---
license: apache-2.0
library_name: transformers
pipeline_tag: text-to-speech
tags:
- text-to-speech
- voice-cloning
- custom_code
- moss-tts
- moss-tts-local
- arxiv:2603.18090
language:
- zh
- yue
- en
- ar
- cs
- da
- de
- nl
- es
- fr
- fi
- el
- he
- hi
- hu
- ja
- it
- ko
- mk
- ms
- ru
- fa
- pl
- pt
- sv
- ro
- sw
- tl
- th
- tr
- vi
---
# MOSS-TTS Family
# MOSS-TTS-Local-Transformer-v1.5
**MOSS-TTS-Local-Transformer-v1.5** is continued from [MOSS-TTS-Local-Transformer-v1.0](https://huggingface.co/OpenMOSS-Team/MOSS-TTS-Local-Transformer). It preserves the main 1.0 capabilities, including zero-shot voice cloning, long-form speech generation, token-level duration control, Pinyin/IPA pronunciation control, multilingual synthesis, and code-switching. For the full 1.0 feature walkthrough, input schema, and evaluation tables, please refer to the [MOSS-TTS-Local-Transformer-v1.0 README](https://huggingface.co/OpenMOSS-Team/MOSS-TTS-Local-Transformer).
Compared with [MOSS-TTS-Local-Transformer-v1.0](https://huggingface.co/OpenMOSS-Team/MOSS-TTS-Local-Transformer), v1.5 focuses on the following improvements:
- **Higher-fidelity stereo audio modeling**: v1.5 uses [MOSS-Audio-Tokenizer-v2](https://huggingface.co/OpenMOSS-Team/MOSS-Audio-Tokenizer-v2) as the audio tokenizer, supporting native 48 kHz stereo input and output for richer spatial detail and more natural perceived audio quality. Since the codec output is stereo, save the `[channels, samples]` tensor returned by `processor.decode(...)` directly.
- **Stronger multilingual synthesis with language tags**: when the `language` field is omitted, v1.5 may improve some languages and regress slightly on others compared with 1.0. When the language is specified, v1.5 is stronger than 1.0 on almost all supported languages. Set the tag when building the user message, for example `processor.build_user_message(text=text_fr, language="French")`.
- **More stable voice cloning**: v1.5 improves speaker similarity and reduces cloning variance, making repeated generations more consistent.
- **Better long-reference, short-text cloning**: v1.5 handles scenarios where the reference audio is much longer than the target text more reliably than 1.0.

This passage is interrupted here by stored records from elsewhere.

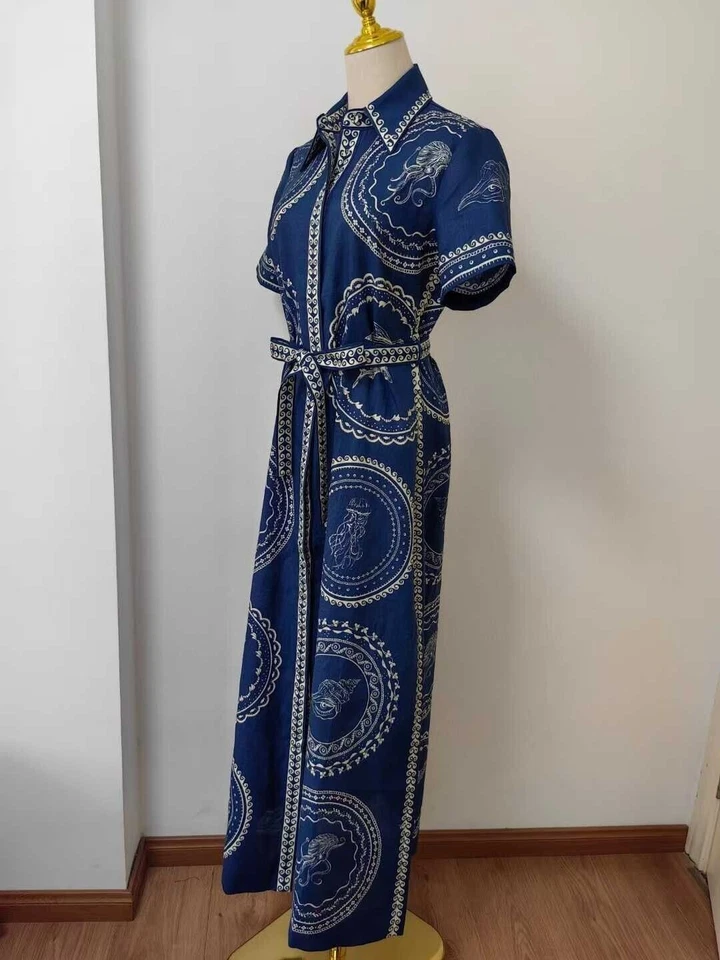 Alemais Oceane Linen Shirt dress blue Linen printed lapel tie dress women 2025 - Image 3 of 4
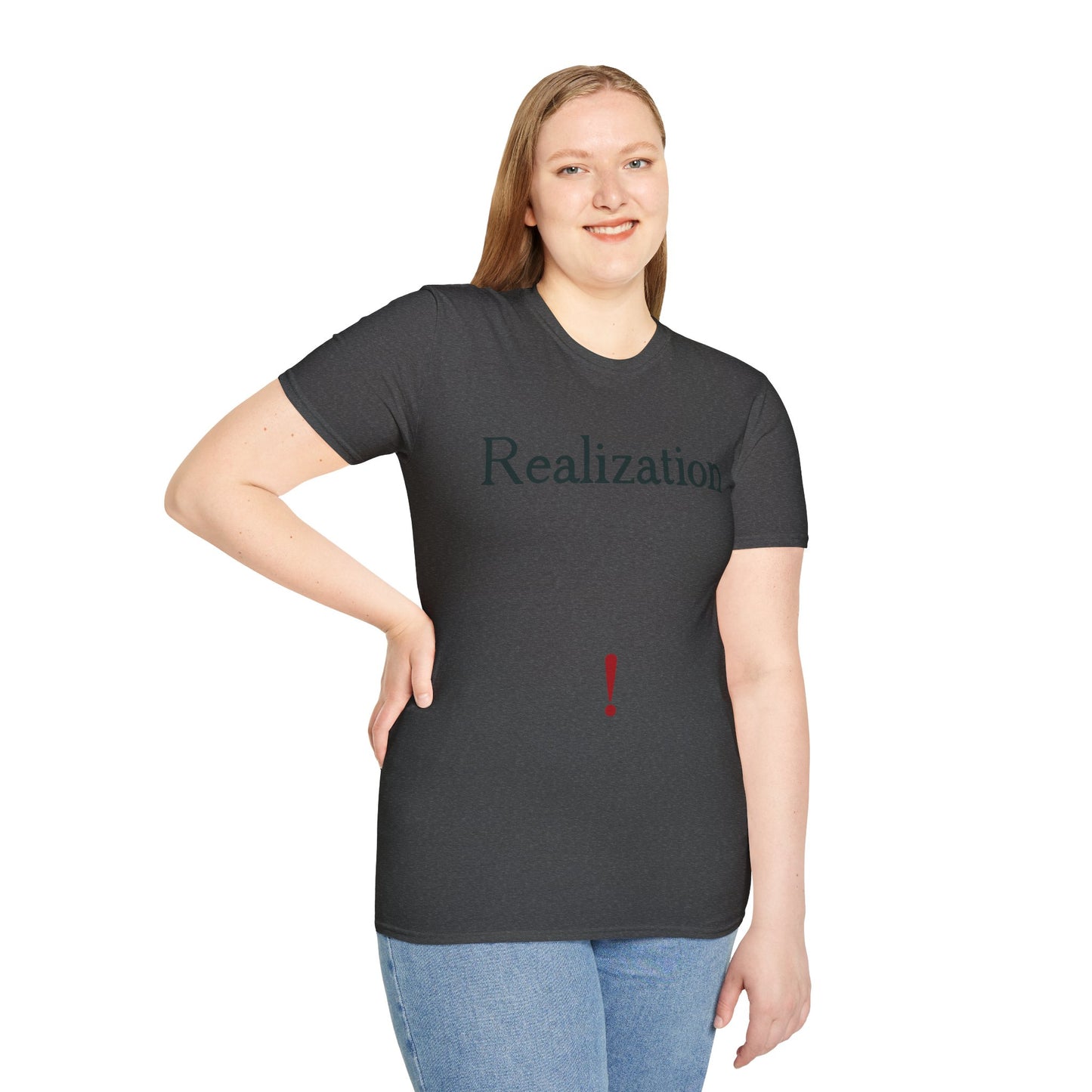 Realization T‑Shirt — Minimalist Inspirational Tee with 'Realization' Text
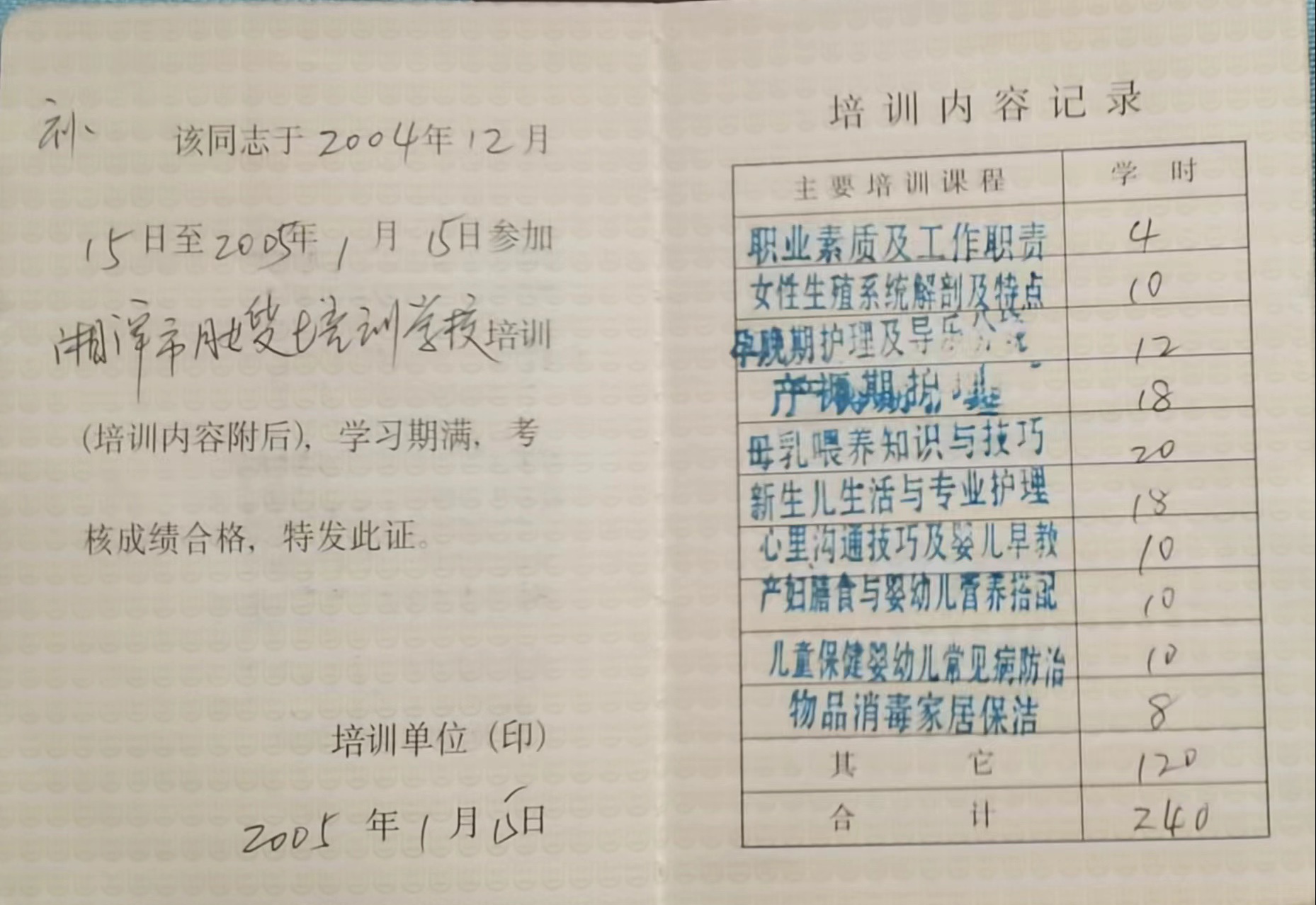 裴阿姨职业证书2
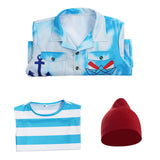 Descendants: Wicked Wonderland Cosplay Costume Mr. Smee Blue Outfit Adult Male Halloween Carnival Costume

- **More stable punctuation-following prosody**: v1.5 follows punctuation-driven pauses more closely, especially in long sentences.
- **Explicit pause control**: v1.5 supports inline pause markers such as `"[pause 3.2s]"`. For example, `我今天学习了一首中国的古诗,它的名字是[pause 3.2s]静夜思!` inserts an explicit 3.2s pause before `静夜思`.
## Supported Languages
MOSS-TTS Local Transformer v1.5 supports **31 languages**. It keeps the 20 languages supported by [MOSS-TTS-Local-Transformer-v1.0](https://huggingface.co/OpenMOSS-Team/MOSS-TTS-Local-Transformer) and extends multilingual continued training to additional languages including Cantonese, Dutch, Finnish, Hindi, Macedonian, Malay, Romanian, Swahili, Tagalog, Thai, and Vietnamese.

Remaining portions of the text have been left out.